Extract the records in full, leaving every picture out.
*** TASK MATERIAL ***
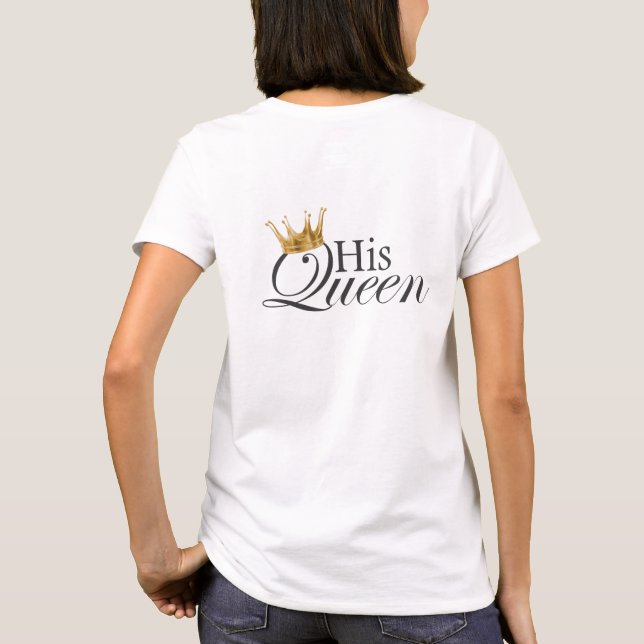 His Queen, Q on front pocket T-Shirt (Back)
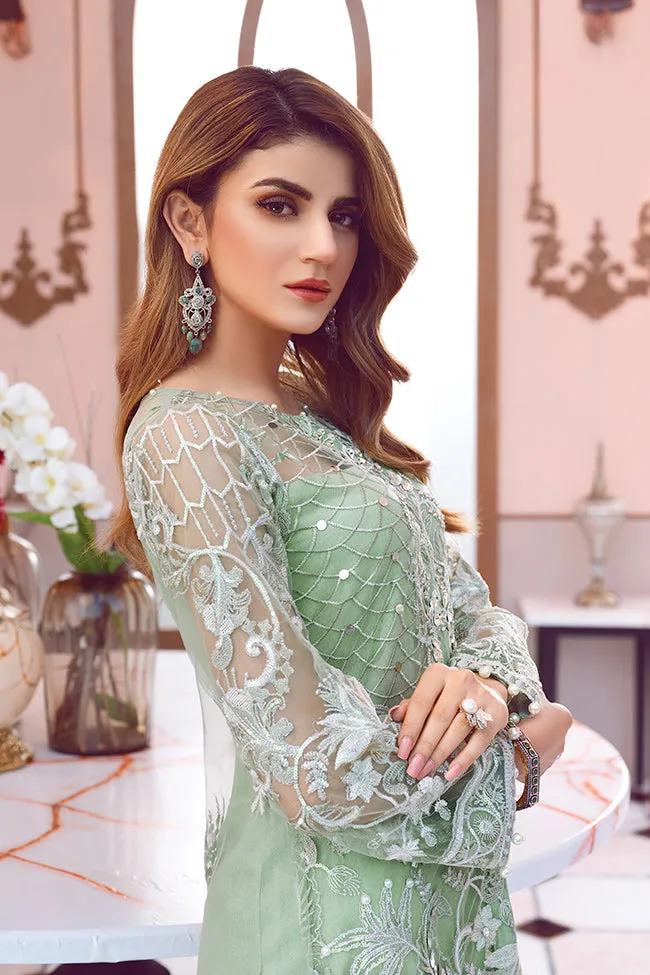 Beautiful designer Asian net embroidered outfit in green color # P2333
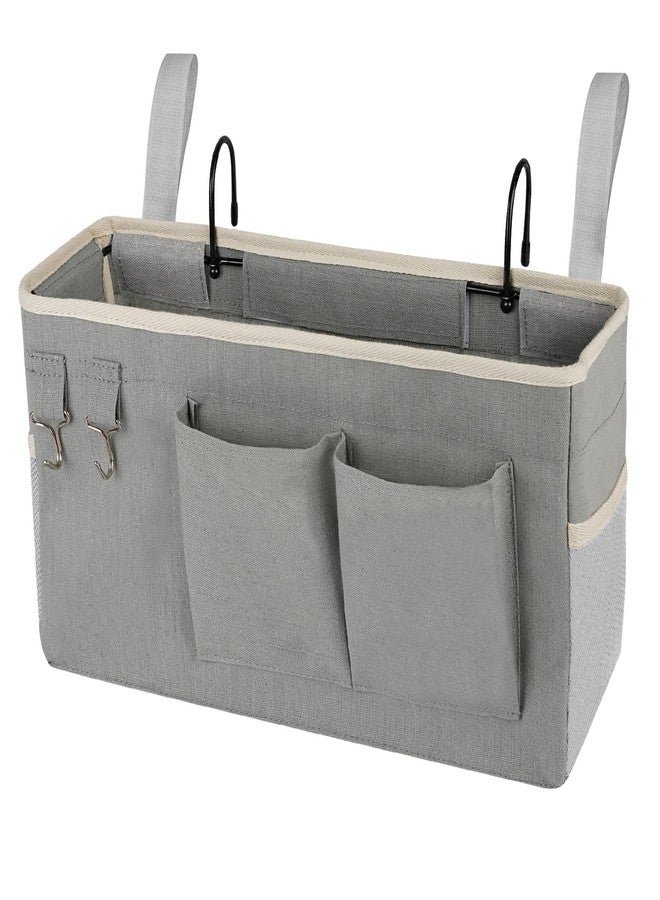 Ozzptuu Bedside Storage Caddy/Bedside Hanging Storage Bag for Headboards Bunk Beds Dorm Rooms Book Phone Magazine Holder (Grey) - Image 1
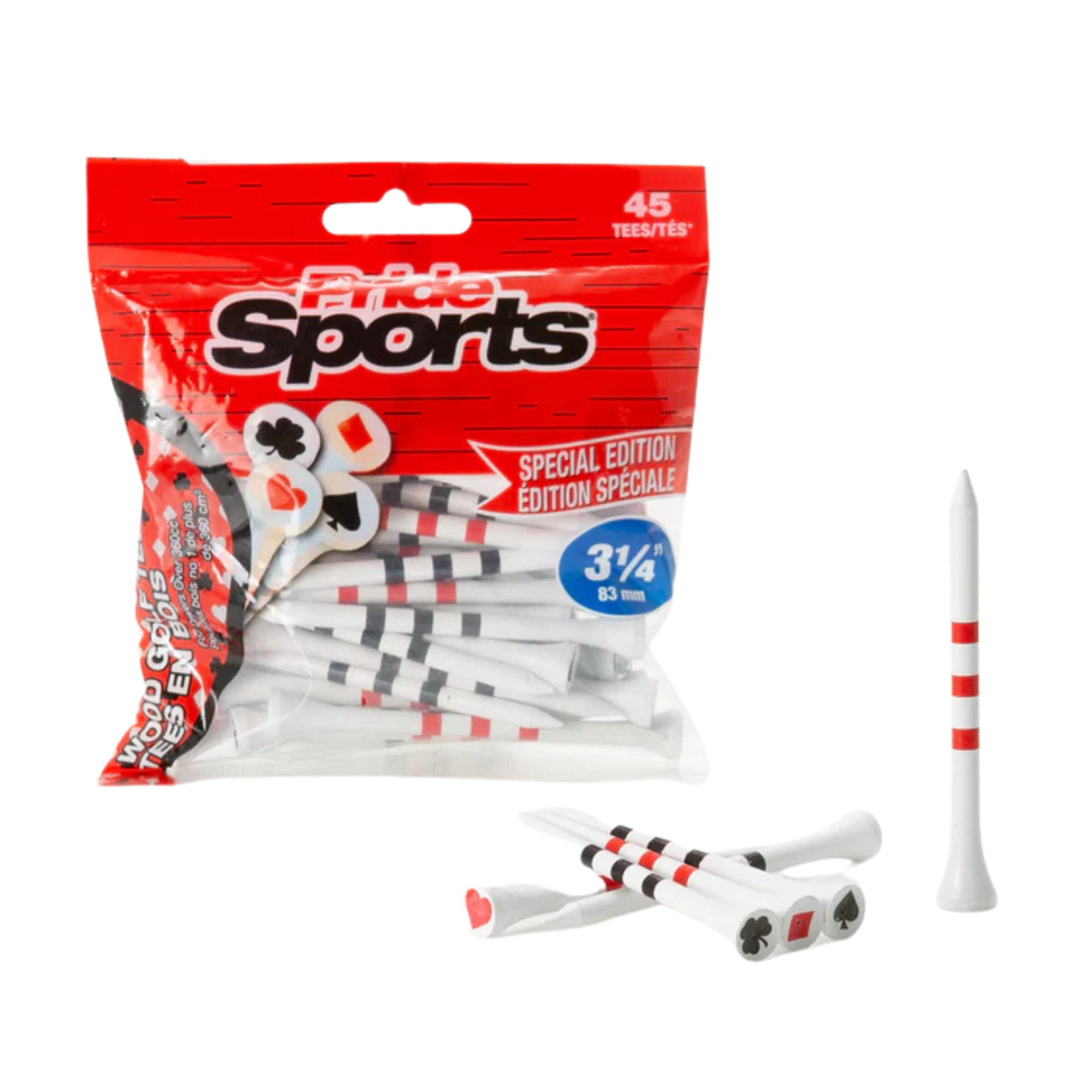 Premium PrideSports Special Edition Wood Golf Tees - 12 Pack, Natural Wood, 2.75 Inch for Drivers - Perfect for Golf Tournaments, Driving Range & Backyard Practice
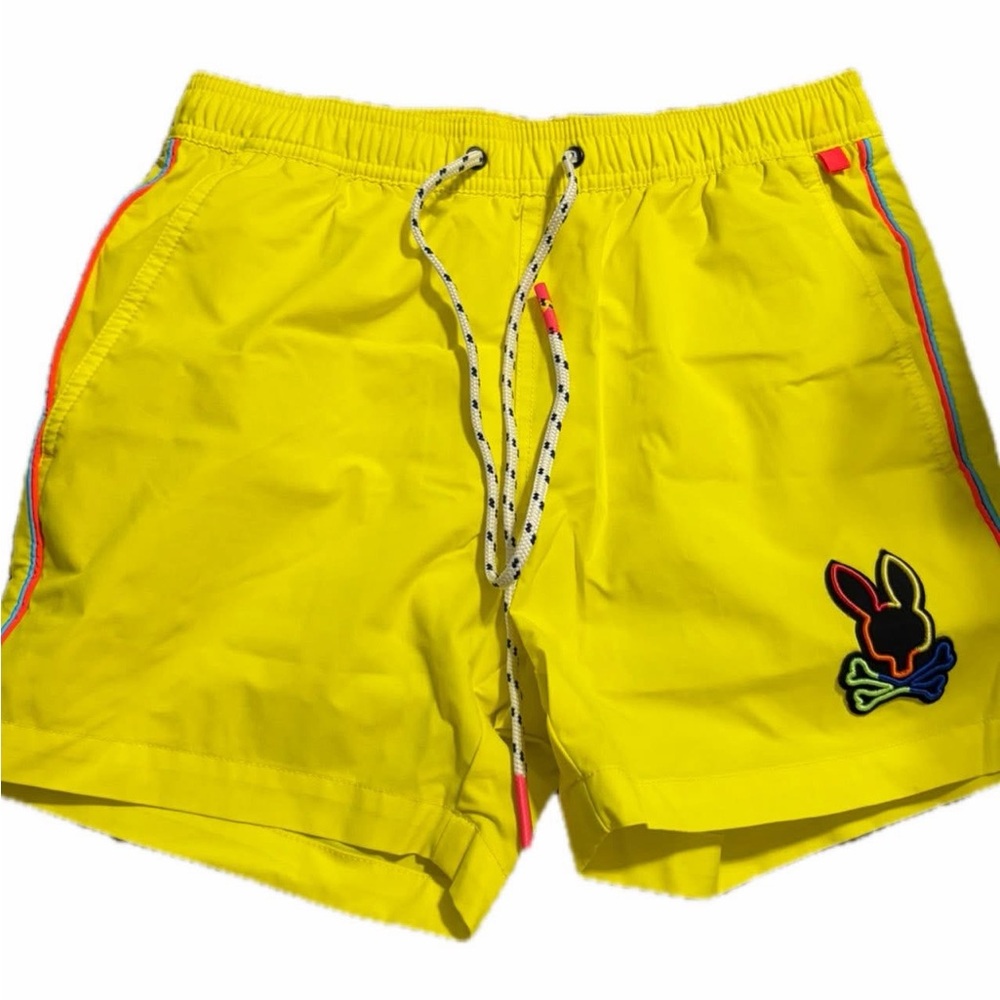 Psycho bunny youth xxs swim trunks bright colored lined euc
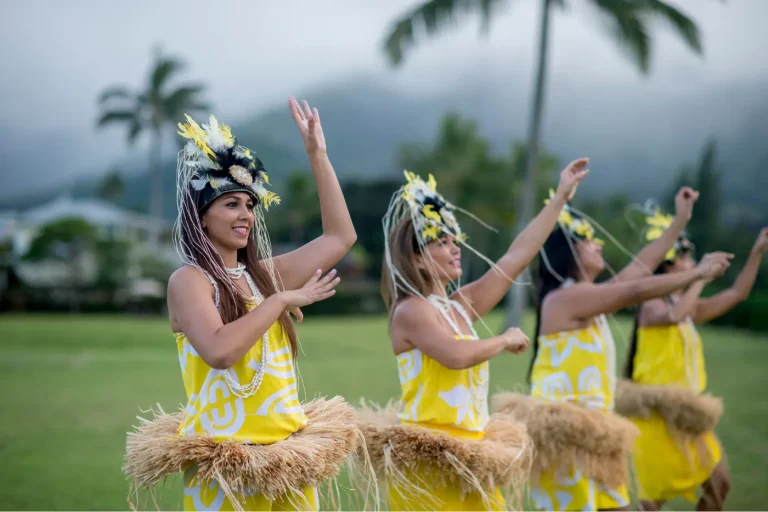 Traditional Hawaiian Dance During a Luau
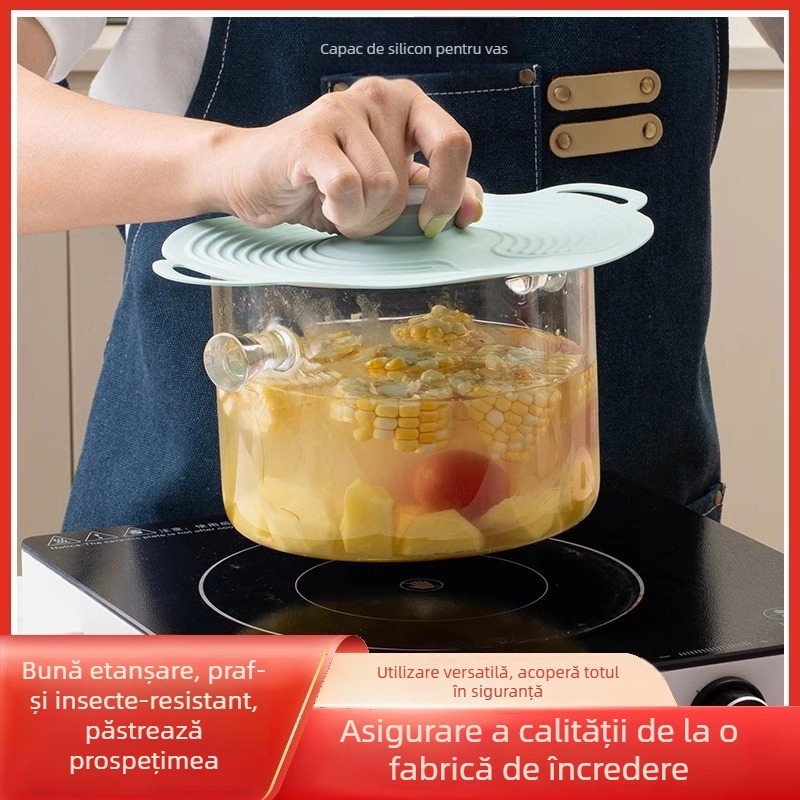 Capac de silicon pentru păstrarea prospețimii, cu etanșare pentru boluri, farfurii și recipiente — stil modern minimalist; brand Friendly; material: Altul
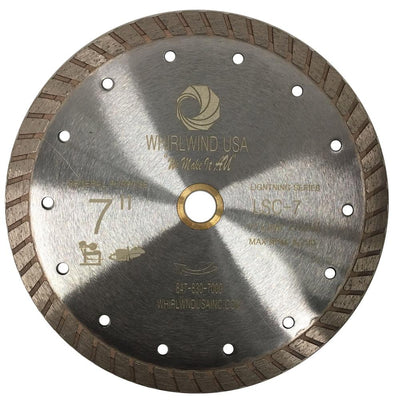 Whirlwind USA 7 in. Turbo Rim Diamond Blade for Dry or Wet Cutting Concrete, Stone, Brick and Masonry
*** End of TASK MATERIAL ***
== OUTPUT BELOW ==
 His Queen, Q on front pocket T-Shirt (Back)
 Beautiful designer Asian net embroidered outfit in green color # P2333
 Ozzptuu Bedside Storage Caddy/Bedside Hanging Storage Bag for Headboards Bunk Beds Dorm Rooms Book Phone Magazine Holder (Grey) - Image 1
 Premium PrideSports Special Edition Wood Golf Tees - 12 Pack, Natural Wood, 2.75 Inch for Drivers - Perfect for Golf Tournaments, Driving Range & Backyard Practice
 Psycho bunny youth xxs swim trunks bright colored lined euc
 Traditional Hawaiian Dance During a Luau
 Capac de silicon pentru păstrarea prospețimii, cu etanșare pentru boluri, farfurii și recipiente — stil modern minimalist; brand Friendly; material: Altul
 Whirlwind USA 7 in. Turbo Rim Diamond Blade for Dry or Wet Cutting Concrete, Stone, Brick and Masonry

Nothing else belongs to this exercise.